[Caption-style text data]
┏━━
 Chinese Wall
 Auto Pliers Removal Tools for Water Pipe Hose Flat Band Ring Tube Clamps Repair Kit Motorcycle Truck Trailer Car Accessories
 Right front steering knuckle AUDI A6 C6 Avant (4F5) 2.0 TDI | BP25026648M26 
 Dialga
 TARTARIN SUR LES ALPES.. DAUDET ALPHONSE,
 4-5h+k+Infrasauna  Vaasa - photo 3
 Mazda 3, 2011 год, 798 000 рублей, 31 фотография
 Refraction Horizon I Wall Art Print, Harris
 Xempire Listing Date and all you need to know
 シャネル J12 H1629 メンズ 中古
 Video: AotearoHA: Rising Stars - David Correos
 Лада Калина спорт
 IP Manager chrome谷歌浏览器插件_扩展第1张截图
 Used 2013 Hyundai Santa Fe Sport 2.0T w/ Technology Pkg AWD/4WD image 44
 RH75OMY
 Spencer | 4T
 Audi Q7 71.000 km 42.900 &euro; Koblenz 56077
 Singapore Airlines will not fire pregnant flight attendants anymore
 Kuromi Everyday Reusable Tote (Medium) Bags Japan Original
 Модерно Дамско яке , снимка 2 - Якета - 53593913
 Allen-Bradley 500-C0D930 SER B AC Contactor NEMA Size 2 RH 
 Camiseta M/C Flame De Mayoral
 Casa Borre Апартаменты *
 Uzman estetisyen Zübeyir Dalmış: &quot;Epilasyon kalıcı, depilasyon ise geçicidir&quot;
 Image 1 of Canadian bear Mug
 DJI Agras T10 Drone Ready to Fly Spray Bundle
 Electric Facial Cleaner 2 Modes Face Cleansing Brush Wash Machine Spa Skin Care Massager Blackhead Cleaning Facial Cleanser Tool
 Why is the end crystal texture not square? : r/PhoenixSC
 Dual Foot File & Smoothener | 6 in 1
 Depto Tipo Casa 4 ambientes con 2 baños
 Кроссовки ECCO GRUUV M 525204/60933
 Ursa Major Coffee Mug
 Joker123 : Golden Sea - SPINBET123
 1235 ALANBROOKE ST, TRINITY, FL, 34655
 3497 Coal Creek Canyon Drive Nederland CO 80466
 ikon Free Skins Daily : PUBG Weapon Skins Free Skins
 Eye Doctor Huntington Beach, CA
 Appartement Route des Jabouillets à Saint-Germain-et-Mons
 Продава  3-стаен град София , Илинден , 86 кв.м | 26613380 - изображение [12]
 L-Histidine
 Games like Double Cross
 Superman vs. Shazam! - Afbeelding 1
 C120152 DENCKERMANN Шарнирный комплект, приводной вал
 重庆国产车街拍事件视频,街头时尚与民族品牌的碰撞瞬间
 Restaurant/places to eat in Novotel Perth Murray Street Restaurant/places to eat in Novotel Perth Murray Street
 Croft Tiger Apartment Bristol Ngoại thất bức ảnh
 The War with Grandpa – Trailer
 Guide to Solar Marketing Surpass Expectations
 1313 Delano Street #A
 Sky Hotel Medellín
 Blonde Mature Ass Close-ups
┗━━
* **Problem description**
Repeat the records above exactly, with nothing left out.

* **Answer space**
 Chinese Wall
 Auto Pliers Removal Tools for Water Pipe Hose Flat Band Ring Tube Clamps Repair Kit Motorcycle Truck Trailer Car Accessories
 Right front steering knuckle AUDI A6 C6 Avant (4F5) 2.0 TDI | BP25026648M26 
 Dialga
 TARTARIN SUR LES ALPES.. DAUDET ALPHONSE,
 4-5h+k+Infrasauna  Vaasa - photo 3
 Mazda 3, 2011 год, 798 000 рублей, 31 фотография
 Refraction Horizon I Wall Art Print, Harris
 Xempire Listing Date and all you need to know
 シャネル J12 H1629 メンズ 中古
 Video: AotearoHA: Rising Stars - David Correos
 Лада Калина спорт
 IP Manager chrome谷歌浏览器插件_扩展第1张截图
 Used 2013 Hyundai Santa Fe Sport 2.0T w/ Technology Pkg AWD/4WD image 44
 RH75OMY
 Spencer | 4T
 Audi Q7 71.000 km 42.900 &euro; Koblenz 56077
 Singapore Airlines will not fire pregnant flight attendants anymore
 Kuromi Everyday Reusable Tote (Medium) Bags Japan Original
 Модерно Дамско яке , снимка 2 - Якета - 53593913
 Allen-Bradley 500-C0D930 SER B AC Contactor NEMA Size 2 RH 
 Camiseta M/C Flame De Mayoral
 Casa Borre Апартаменты *
 Uzman estetisyen Zübeyir Dalmış: &quot;Epilasyon kalıcı, depilasyon ise geçicidir&quot;
 Image 1 of Canadian bear Mug
 DJI Agras T10 Drone Ready to Fly Spray Bundle
 Electric Facial Cleaner 2 Modes Face Cleansing Brush Wash Machine Spa Skin Care Massager Blackhead Cleaning Facial Cleanser Tool
 Why is the end crystal texture not square? : r/PhoenixSC
 Dual Foot File & Smoothener | 6 in 1
 Depto Tipo Casa 4 ambientes con 2 baños
 Кроссовки ECCO GRUUV M 525204/60933
 Ursa Major Coffee Mug
 Joker123 : Golden Sea - SPINBET123
 1235 ALANBROOKE ST, TRINITY, FL, 34655
 3497 Coal Creek Canyon Drive Nederland CO 80466
 ikon Free Skins Daily : PUBG Weapon Skins Free Skins
 Eye Doctor Huntington Beach, CA
 Appartement Route des Jabouillets à Saint-Germain-et-Mons
 Продава  3-стаен град София , Илинден , 86 кв.м | 26613380 - изображение [12]
 L-Histidine
 Games like Double Cross
 Superman vs. Shazam! - Afbeelding 1
 C120152 DENCKERMANN Шарнирный комплект, приводной вал
 重庆国产车街拍事件视频,街头时尚与民族品牌的碰撞瞬间
 Restaurant/places to eat in Novotel Perth Murray Street Restaurant/places to eat in Novotel Perth Murray Street
 Croft Tiger Apartment Bristol Ngoại thất bức ảnh
 The War with Grandpa – Trailer
 Guide to Solar Marketing Surpass Expectations
 1313 Delano Street #A
 Sky Hotel Medellín
 Blonde Mature Ass Close-ups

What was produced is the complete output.